Intervention de Jennyfer Leclerc

Réunion du lundi 6 mai 2019 à 13h45
Commission d'enquête sur l'inclusion des élèves handicapés dans l'école et l'université de la république, quatorze ans après la loi du 11 février

Jennyfer Leclerc :

Je suis AESH-M depuis février 2016. Je l'ai d'abord été en collège, avec une quotité de 29 heures la première année et de 36 heures l'année suivante, avant de revenir à 29 heures et de finir à 12 heures à cette rentrée. Il est facile d'imaginer que cela n'est pas évident au quotidien. On a le sentiment d'une très faible reconnaissance, au regard du nombre d'enfants qui se retrouvent sans accompagnement à la rentrée scolaire. On se demande pourquoi on ne nous donne pas de travail alors que la demande est énorme.

Je suis donc actuellement à l'école Sonia-Delaunay. En école primaire, la quotité horaire maximale étant 24 heures, tout avait été mis en oeuvre pour que j'aie ces 24 heures, puisqu'il y avait un besoin pour deux enfants du même niveau scolaire, à raison de 12 heures pour chacun. Avant les vacances d'été, le directeur avait fait en sorte que ces deux élèves se retrouvent dans la même classe afin de prévoir un adulte référent pour les deux et d'obtenir un « 24 heures », mais il n'a pas été entendu, puisqu'à la rentrée, 12 heures ont été attribuées à une autre personne.

Au-delà de mon cas personnel, le sentiment d'une très faible reconnaissance est unanimement partagé. Nous ne sommes pas considérés comme exerçant un métier mais une mission, alors que c'est une profession à part entière. Pour l'exercer, j'ai obtenu un diplôme d'accompagnement éducatif de la petite enfance. Cette situation est difficile à vivre.

Nous avons des difficultés de communication avec l'administration, mais je me garderai de la juger. Peut-être ne sont-ils pas suffisamment proches du terrain pour être en mesure de répondre à toutes nos demandes, ne serait-ce que l'envoi des bulletins de salaire. Quand nous travaillons à temps partiel, nous ne recevons pas nos bulletins de salaire en temps et en heure, ce qui nous prive du droit au complément ASSEDIC. Quand on ne touche que 400 euros par mois, sans complément ASSEDIC, on ne peut pas manger. Un effort doit être fait à ce sujet. On en revient au manque de considération à l'égard de notre métier et de notre place autour des enfants.

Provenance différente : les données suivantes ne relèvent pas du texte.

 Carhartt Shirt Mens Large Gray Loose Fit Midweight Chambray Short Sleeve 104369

Il serait bien que nous ayons une formation diplômante. Certains AESH n'ont jamais reçu de formation. Ce n'était pas mon cas : j'étais diplômée avant d'exercer et j'ai reçu des heures de formation depuis, mais des collègues n'ont jamais eu de formation. Nous souhaitons la création d'un diplôme ou, pour ceux qui exercent depuis un certain temps, une validation des acquis de l'expérience (VAE) et nos acquis sur le terrain. Encadrer des handicaps différents n'est pas à la portée de tout le monde. Même pour deux enfants ayant le même handicap, la prise en charge est totalement différente. Nous aimerions que cela soit mieux considéré.

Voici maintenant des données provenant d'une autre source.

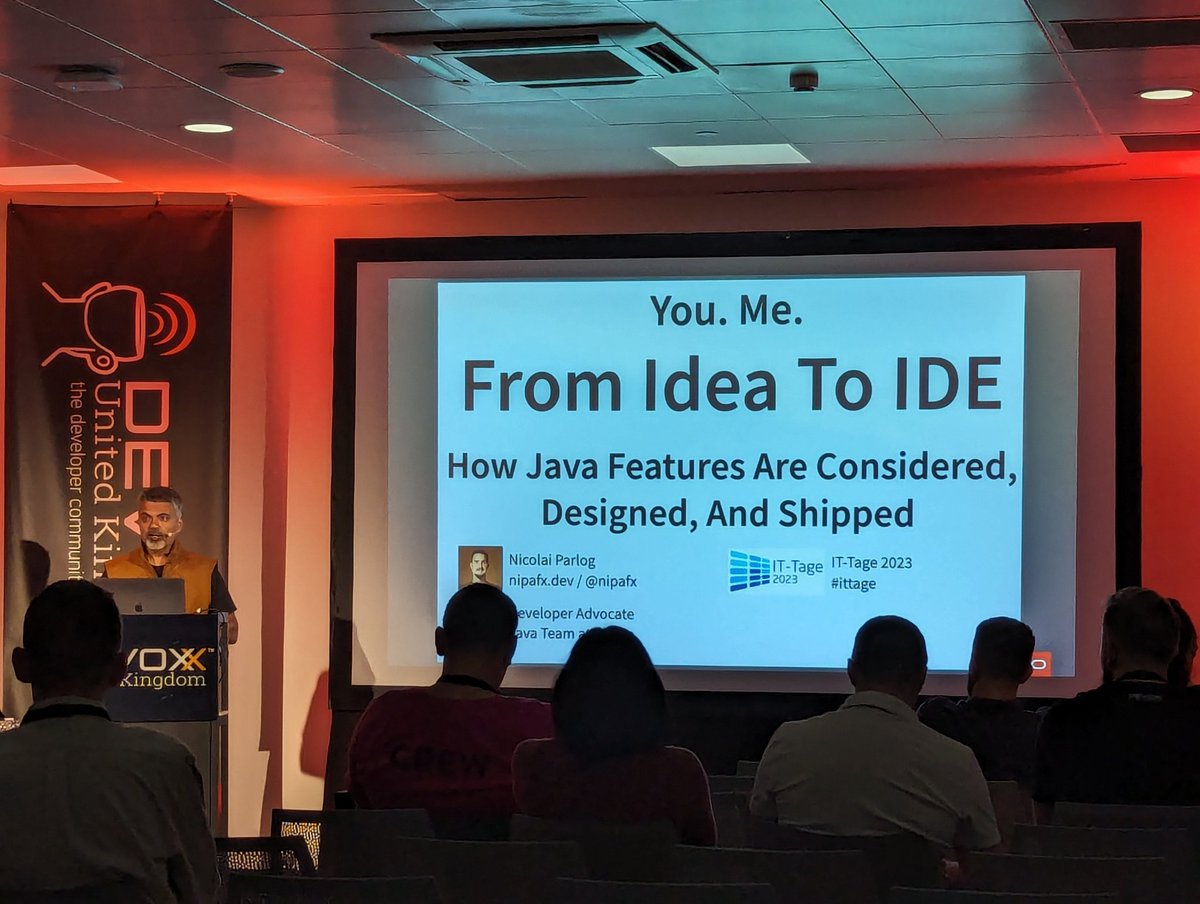 Lukas Pradel (@lukaspradel) on Twitter photo Imposter alert at #DevoxxUK 😱 <a href="/Sharat_Chander/">Sharat Chander @sharatchander.bsky.social</a> stepping in for <a href="/nipafx/">Nicolai Parlog 🇺🇦🕊️</a> with some very interesting behind-the-scenes insights into the development of the #java language. Good stuff! Imposter alert at #DevoxxUK 😱 <a href="/Sharat_Chander/">Sharat Chander @sharatchander.bsky.social</a> stepping in for <a href="/nipafx/">Nicolai Parlog 🇺🇦🕊️</a> with some very interesting behind-the-scenes insights into the development of the #java language. Good stuff!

L'attribution des heures est une autre difficulté. Nous passons l'été sans savoir si nous travaillerons en septembre, ni pour quelle quotité d'heures, ni où. On ne vit pas. Mes enfants ne partent pas en vacances parce qu'il faut mettre des sous de côté, et je ne suis pas la seule dans cette situation. La plupart d'entre nous ont choisi ce métier par conviction. Avec mon diplôme, je pourrais faire d'autres métiers qui rapporteraient davantage, mais j'ai besoin de me rendre utile pour ces enfants, afin qu'ils soient reconnus et qu'ils soient dans une réelle inclusion. Je ne veux pas abandonner mon métier parce que je ne suis pas rémunérée comme il faut, mais beaucoup d'AESH en arrivent là. Elles disent qu'elles abandonnent leur vocation parce qu'elles ne peuvent plus en vivre. Savoir avant l'été où l'on va être et pour combien d'heures serait pour nous un minimum.